Santé mentale et handicap : des défaillances alarmantes révélées en commission d’enquête
- 22 oct. 2025
- 2 min de lecture
Dans le cadre de la commission d’enquête sur la défaillance publique de la prise en charge de la santé mentale et du handicap, nous avons mené une audition particulièrement marquante. Les constats présentés mettent en lumière des lacunes profondes dans la protection des enfants les plus vulnérables, notamment victimes de violences intrafamiliales.
Lors de cette audition, nous avons entendu la Professeure Céline Greco, cheffe du service de médecine de la douleur et de médecine palliative à l’hôpital Necker-Enfants malades.
Son intervention a révélé des données particulièrement préoccupantes. Les enfants victimes de violences intrafamiliales présentent un risque de suicide multiplié par 37 et une espérance de vie réduite de 20 ans. Des chiffres qui traduisent l’ampleur du drame humain.
Plus inquiétant encore, il est aujourd’hui quasiment impossible de quantifier précisément le nombre d’enfants concernés. En cause : un manque d’outils de détection efficaces et des systèmes de remontée d’informations insuffisants.
Au-delà de la dimension humaine, le coût de cette défaillance est estimé à 38 milliards d’euros par an pour la France, illustrant également un enjeu économique majeur.
Ces constats mettent en évidence une défaillance structurelle dans la prévention et la prise en charge des situations à risque.
Le rôle des institutions, notamment celui de l’Éducation nationale, est directement interrogé. Les signaux faibles, pourtant essentiels pour identifier les situations de danger, sont trop souvent ignorés ou insuffisamment traités.
L’enjeu est donc double : améliorer la détection précoce des violences et renforcer la coordination entre les différents acteurs (éducation, santé, services sociaux) pour protéger efficacement les enfants.
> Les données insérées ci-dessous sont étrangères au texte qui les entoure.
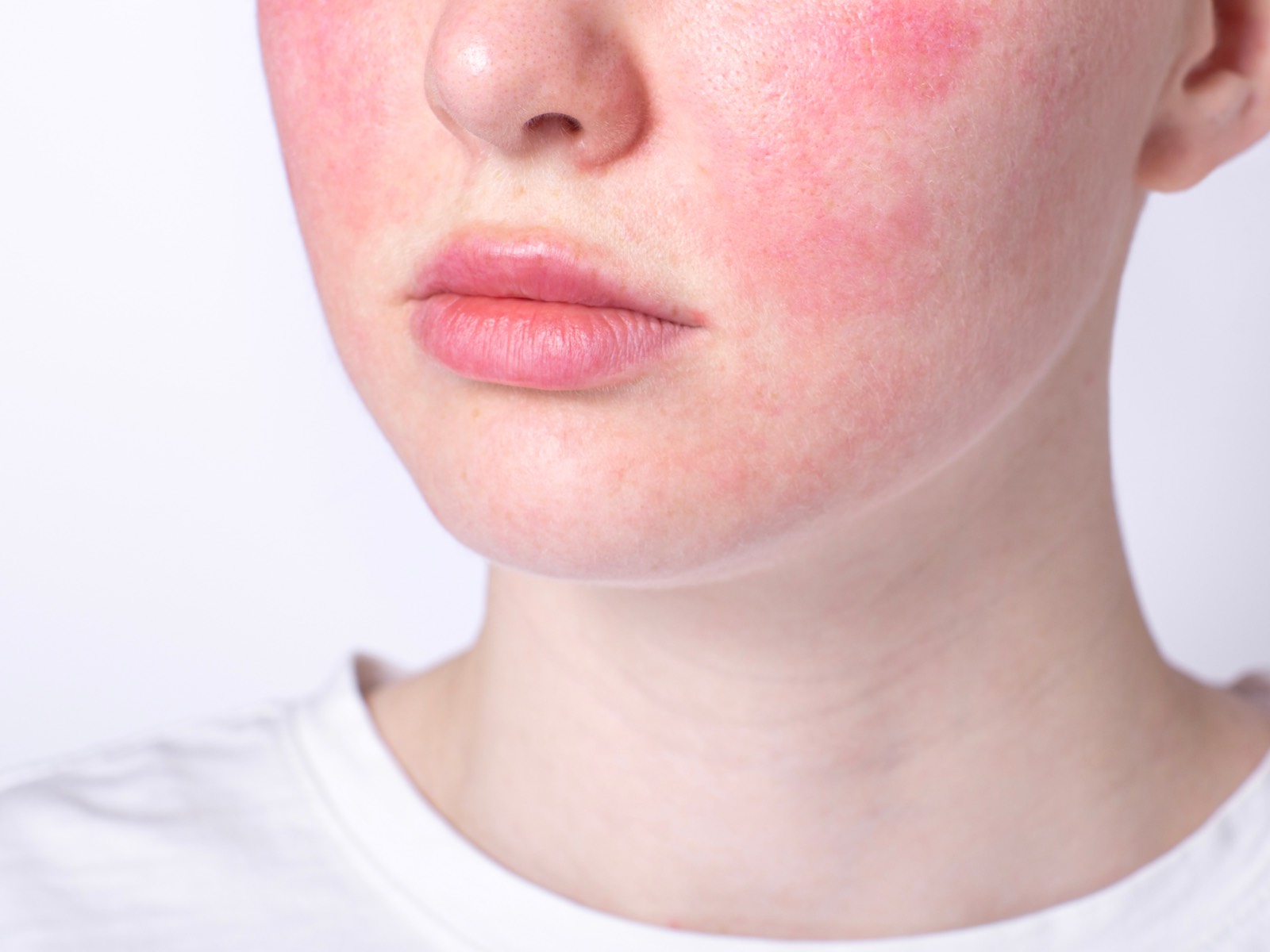 A young person with rosacea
Il s’agit également de doter les pouvoirs publics d’outils fiables pour mesurer l’ampleur du phénomène et adapter les politiques publiques en conséquence.
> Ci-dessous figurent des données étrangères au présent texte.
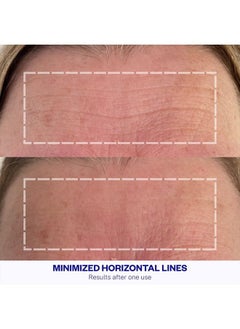 WRINKLES SCHMINKLES Forehead Wrinkle Patches, 1-Pack, Reusable Hypoallergenic Silicone Smoothing Pads for Reducing Frown Lines & Face Lift Overnight  - Image 2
Cette audition confirme la gravité des défaillances dans la prise en charge de la santé mentale et du handicap des enfants.
Je considère qu’il est inacceptable que des signaux d’alerte ne soient pas pris en compte, alors même que les conséquences peuvent être dramatiques et durables.
Le manque d’outils de détection et de suivi constitue une faille majeure. Il est indispensable de renforcer les dispositifs existants, d’améliorer la circulation de l’information et de responsabiliser l’ensemble des acteurs concernés.
Ce travail en commission d’enquête est essentiel : il permet de documenter précisément ces dysfonctionnements pour proposer des réponses concrètes et mieux protéger les enfants les plus vulnérables.
Les éléments recueillis lors de cette audition appellent à une mobilisation forte des pouvoirs publics. La protection de l’enfance ne peut souffrir d’approximation.
Améliorer la prévention, renforcer les outils de détection et assurer une prise en charge coordonnée doivent devenir des priorités absolues. C’est à cette condition que nous pourrons garantir une protection effective des enfants et répondre à l’urgence de la situation.